YOUR TASK ::
Each of the entries below is to be written out exactly, and the images skipped.

[Extracted records]
+--

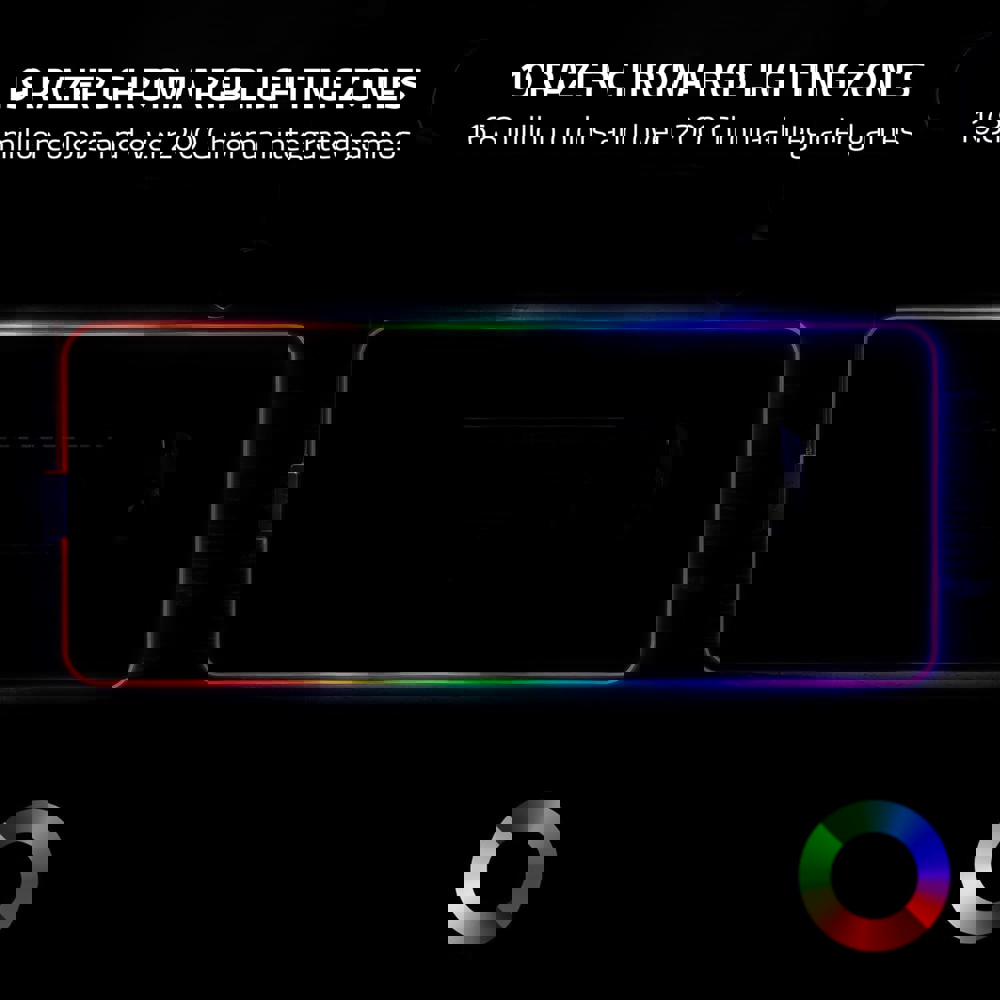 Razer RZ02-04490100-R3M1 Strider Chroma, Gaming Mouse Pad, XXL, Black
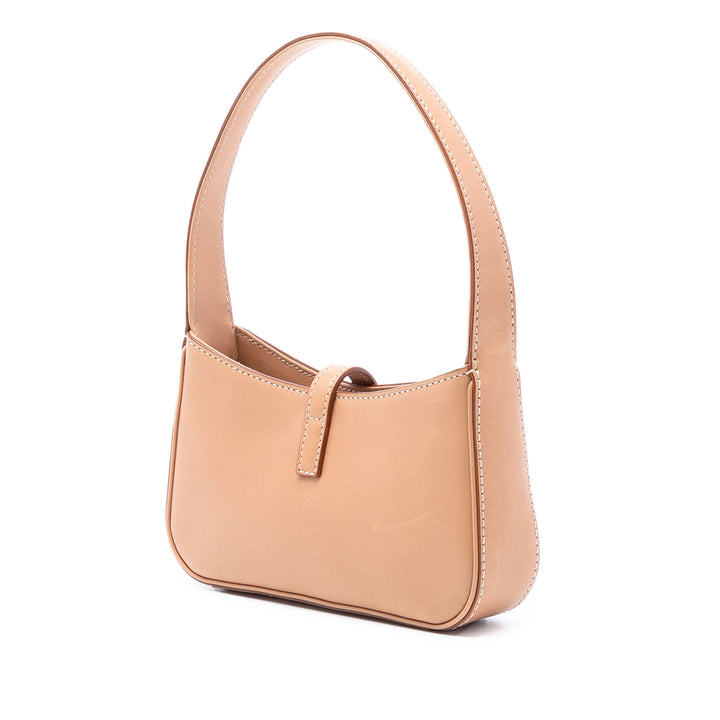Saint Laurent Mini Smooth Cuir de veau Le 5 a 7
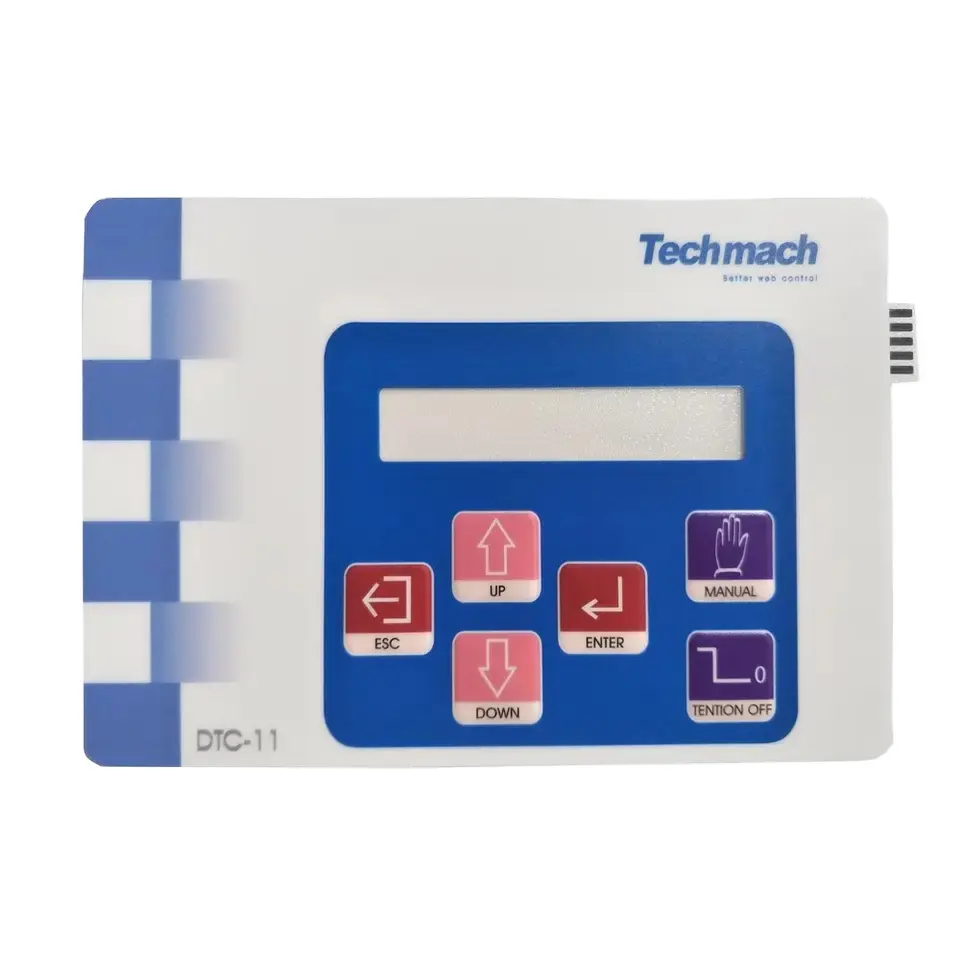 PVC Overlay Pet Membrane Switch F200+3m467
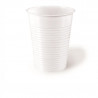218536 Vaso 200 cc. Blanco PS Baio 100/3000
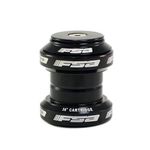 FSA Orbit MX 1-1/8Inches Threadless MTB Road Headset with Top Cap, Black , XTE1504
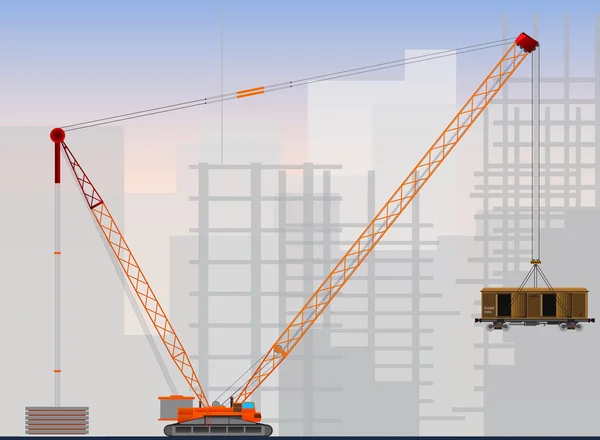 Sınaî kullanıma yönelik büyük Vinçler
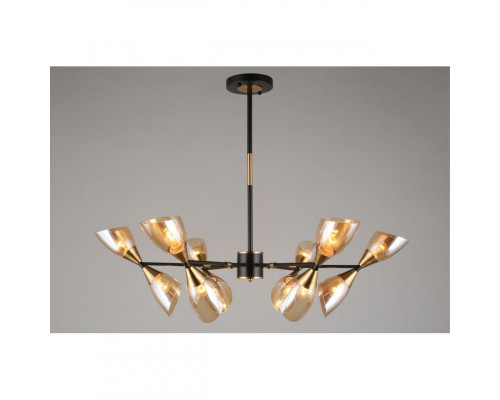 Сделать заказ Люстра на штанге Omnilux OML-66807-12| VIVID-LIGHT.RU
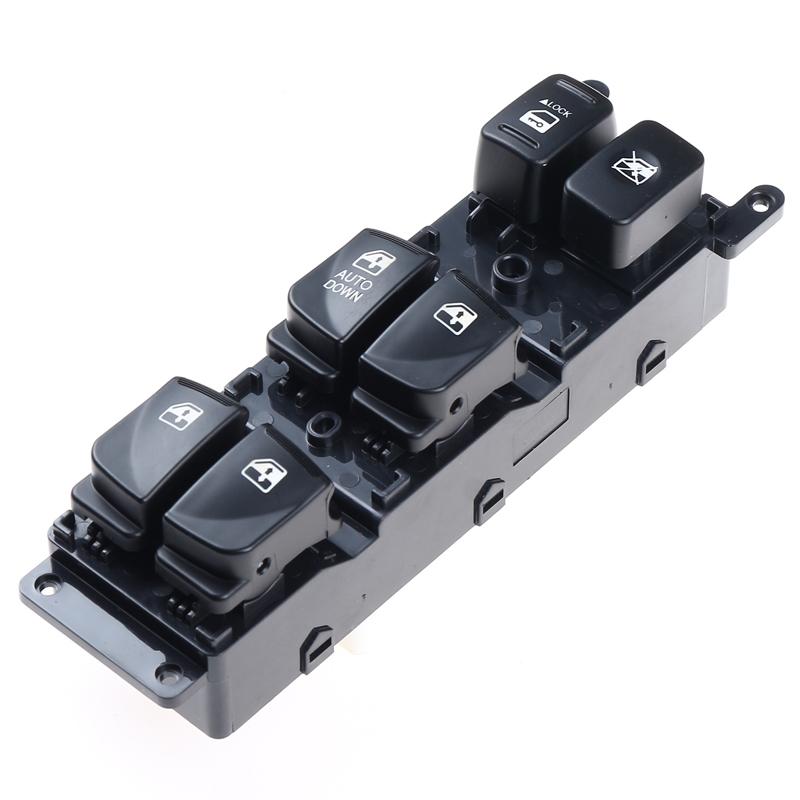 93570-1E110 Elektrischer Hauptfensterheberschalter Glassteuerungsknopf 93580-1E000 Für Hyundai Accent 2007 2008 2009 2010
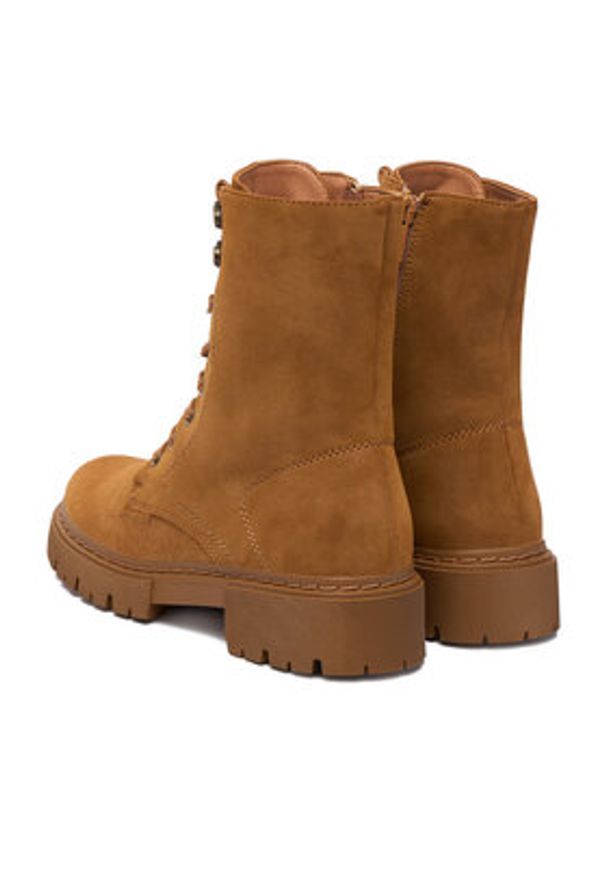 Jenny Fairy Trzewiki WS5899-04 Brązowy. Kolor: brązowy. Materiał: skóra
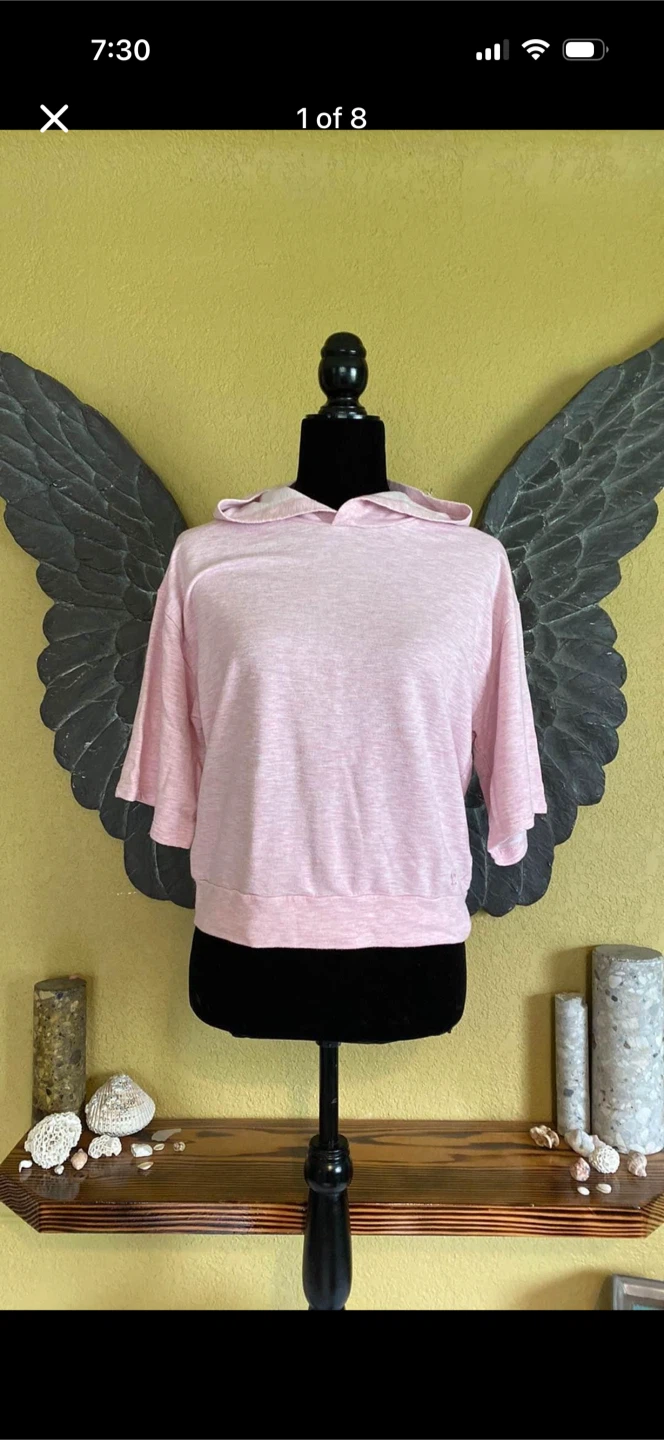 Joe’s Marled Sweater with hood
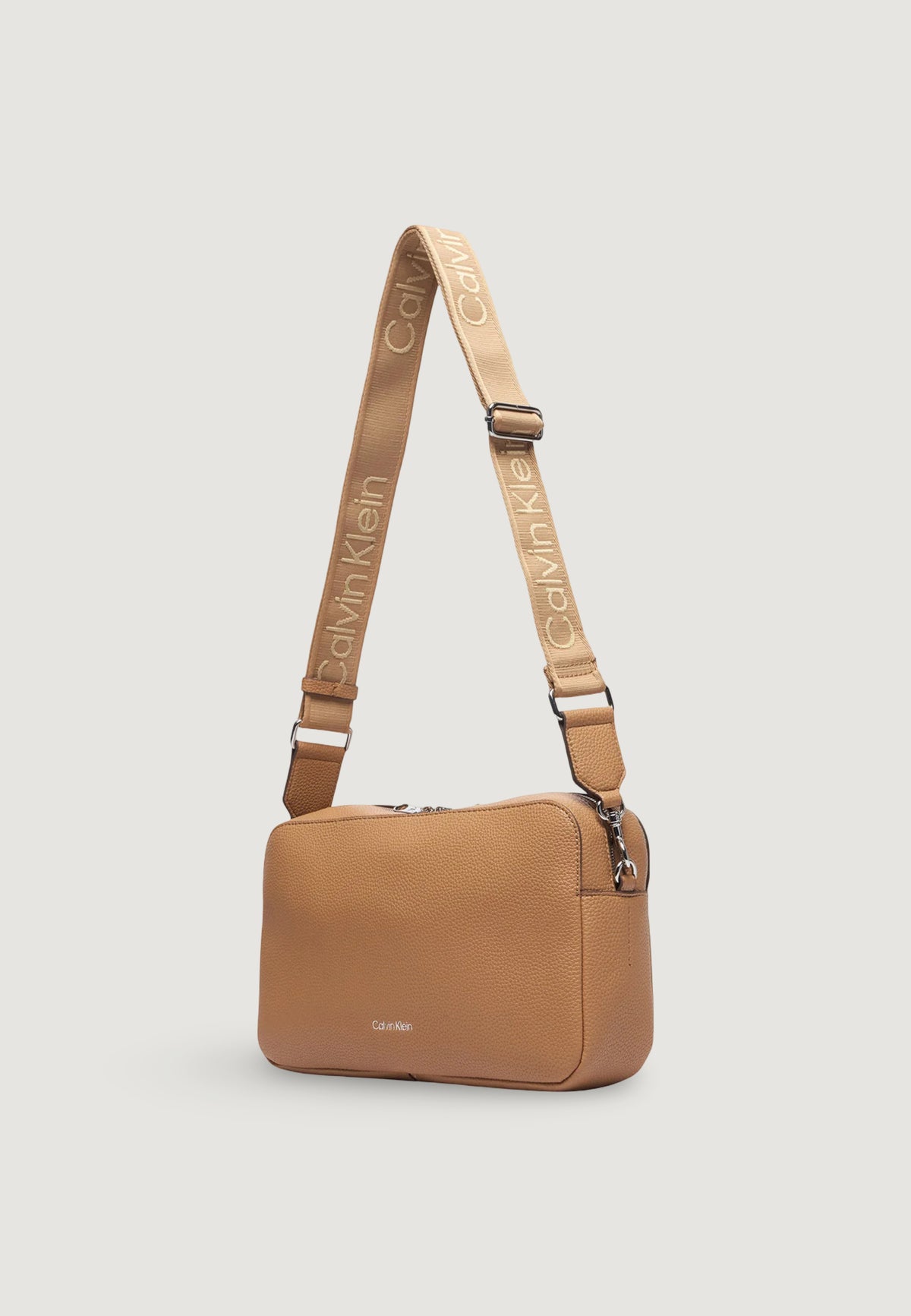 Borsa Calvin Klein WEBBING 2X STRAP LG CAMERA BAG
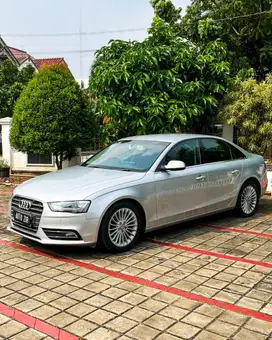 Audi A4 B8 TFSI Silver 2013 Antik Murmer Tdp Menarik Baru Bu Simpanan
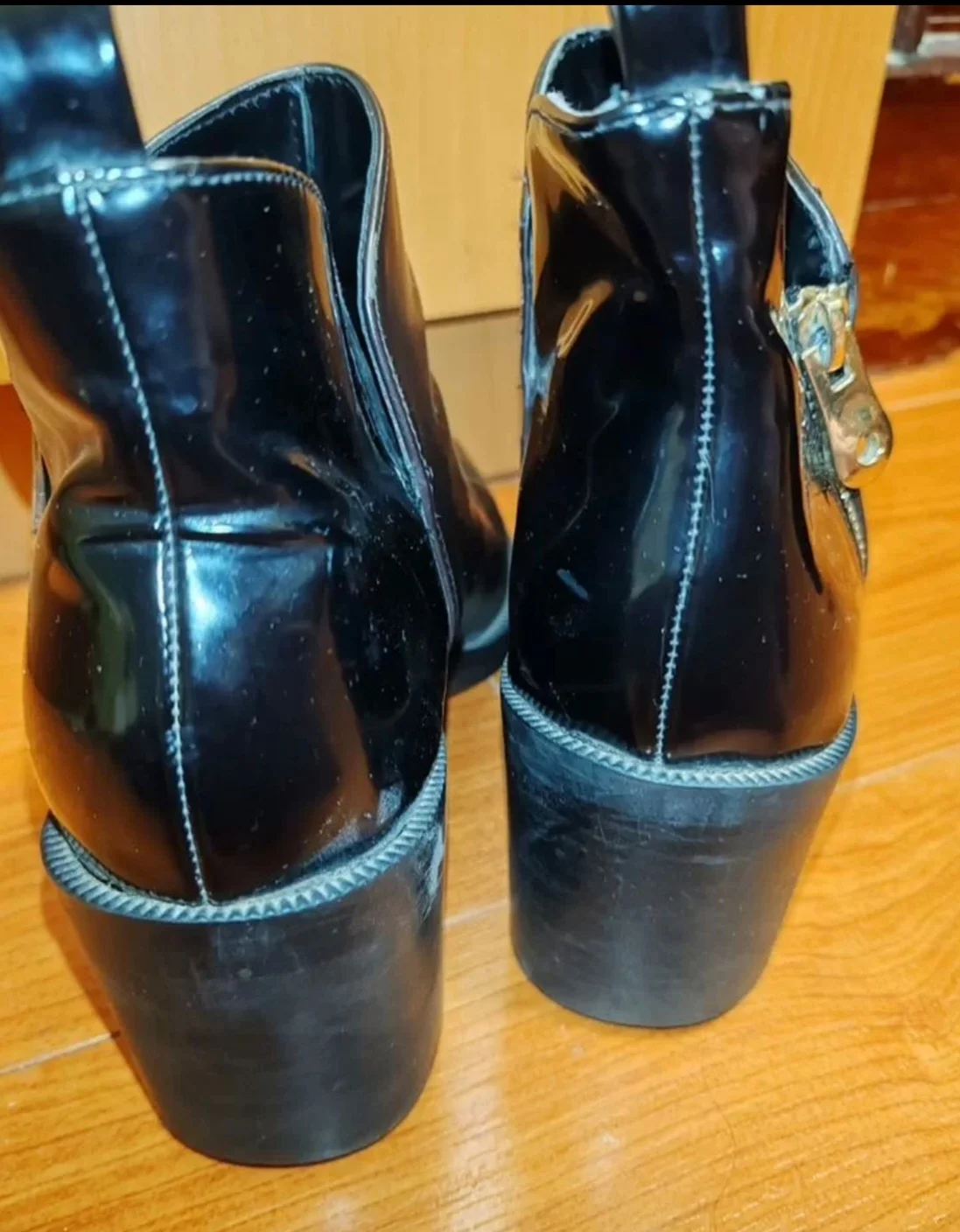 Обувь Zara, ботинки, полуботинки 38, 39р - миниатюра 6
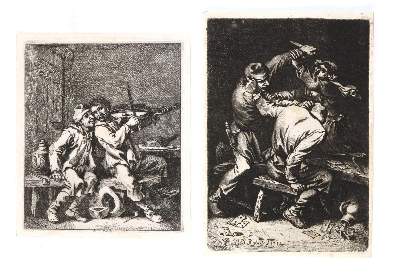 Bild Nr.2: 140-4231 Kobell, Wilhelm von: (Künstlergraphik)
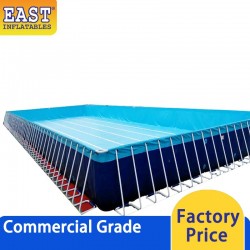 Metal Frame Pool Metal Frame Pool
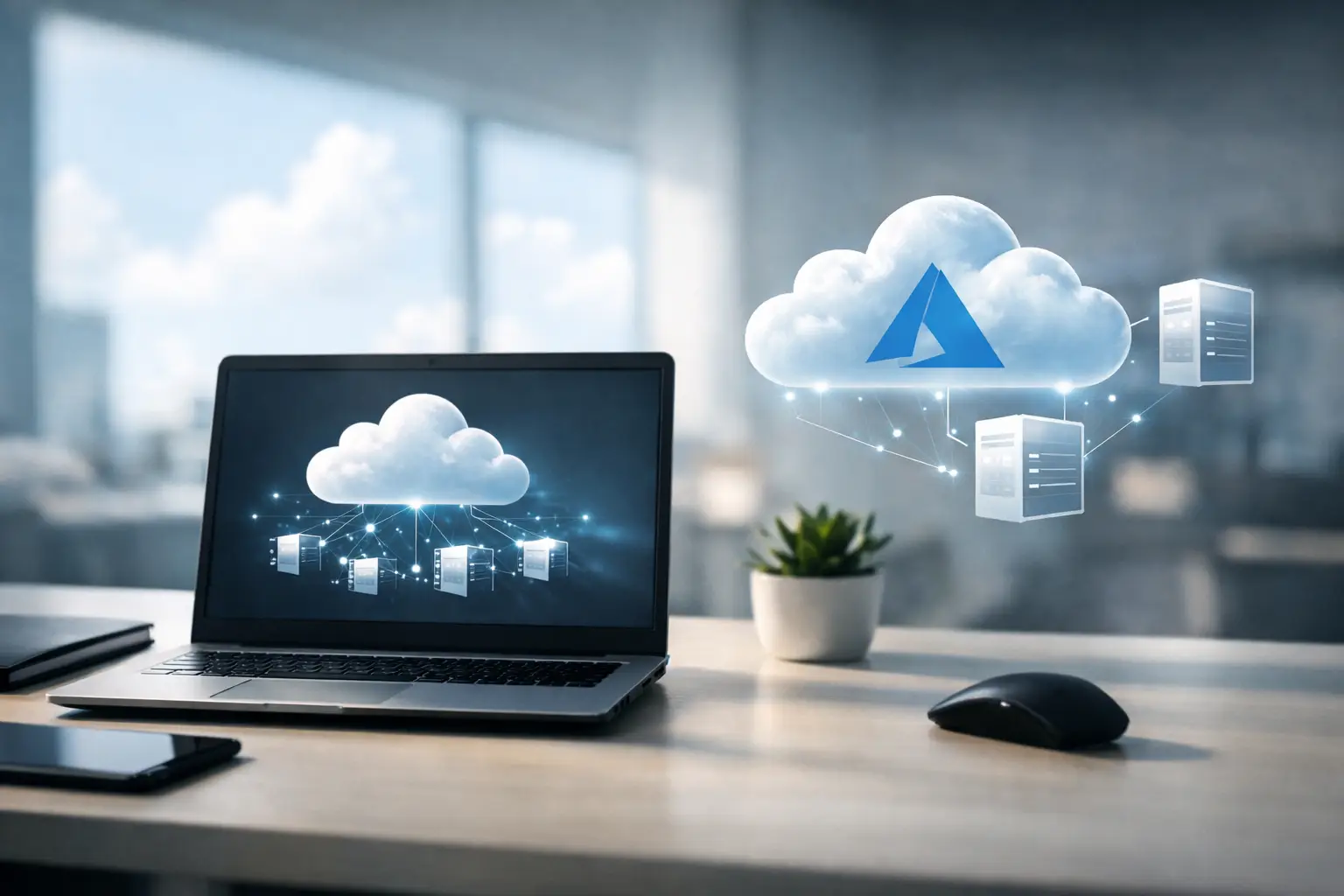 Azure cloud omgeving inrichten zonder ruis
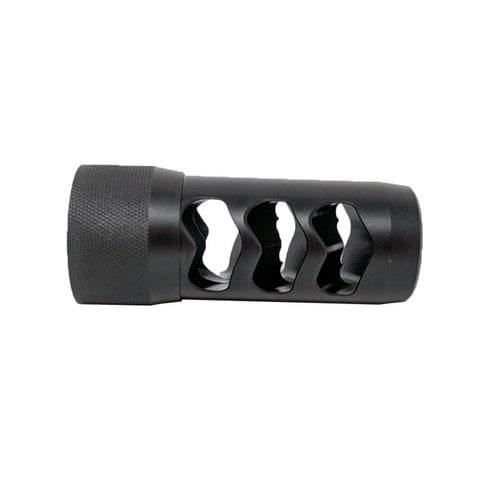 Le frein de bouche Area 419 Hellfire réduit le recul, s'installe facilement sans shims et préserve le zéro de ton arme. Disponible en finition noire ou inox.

+--

THE COMPLETED TASK ::
 Razer RZ02-04490100-R3M1 Strider Chroma, Gaming Mouse Pad, XXL, Black
Saint Laurent Mini Smooth Cuir de veau Le 5 a 7
 PVC Overlay Pet Membrane Switch F200+3m467
218536 Vaso 200 cc. Blanco PS Baio 100/3000
 FSA Orbit MX 1-1/8Inches Threadless MTB Road Headset with Top Cap, Black , XTE1504
 Sınaî kullanıma yönelik büyük Vinçler
 Сделать заказ Люстра на штанге Omnilux OML-66807-12| VIVID-LIGHT.RU
 93570-1E110 Elektrischer Hauptfensterheberschalter Glassteuerungsknopf 93580-1E000 Für Hyundai Accent 2007 2008 2009 2010
 Jenny Fairy Trzewiki WS5899-04 Brązowy. Kolor: brązowy. Materiał: skóra
 Joe’s Marled Sweater with hood
 Borsa Calvin Klein WEBBING 2X STRAP LG CAMERA BAG
 Audi A4 B8 TFSI Silver 2013 Antik Murmer Tdp Menarik Baru Bu Simpanan
 Обувь Zara, ботинки, полуботинки 38, 39р - миниатюра 6
 Bild Nr.2: 140-4231 Kobell, Wilhelm von: (Künstlergraphik)
 Metal Frame Pool Metal Frame Pool
 Azure cloud omgeving inrichten zonder ruis
 Le frein de bouche Area 419 Hellfire réduit le recul, s'installe facilement sans shims et préserve le zéro de ton arme. Disponible en finition noire ou inox.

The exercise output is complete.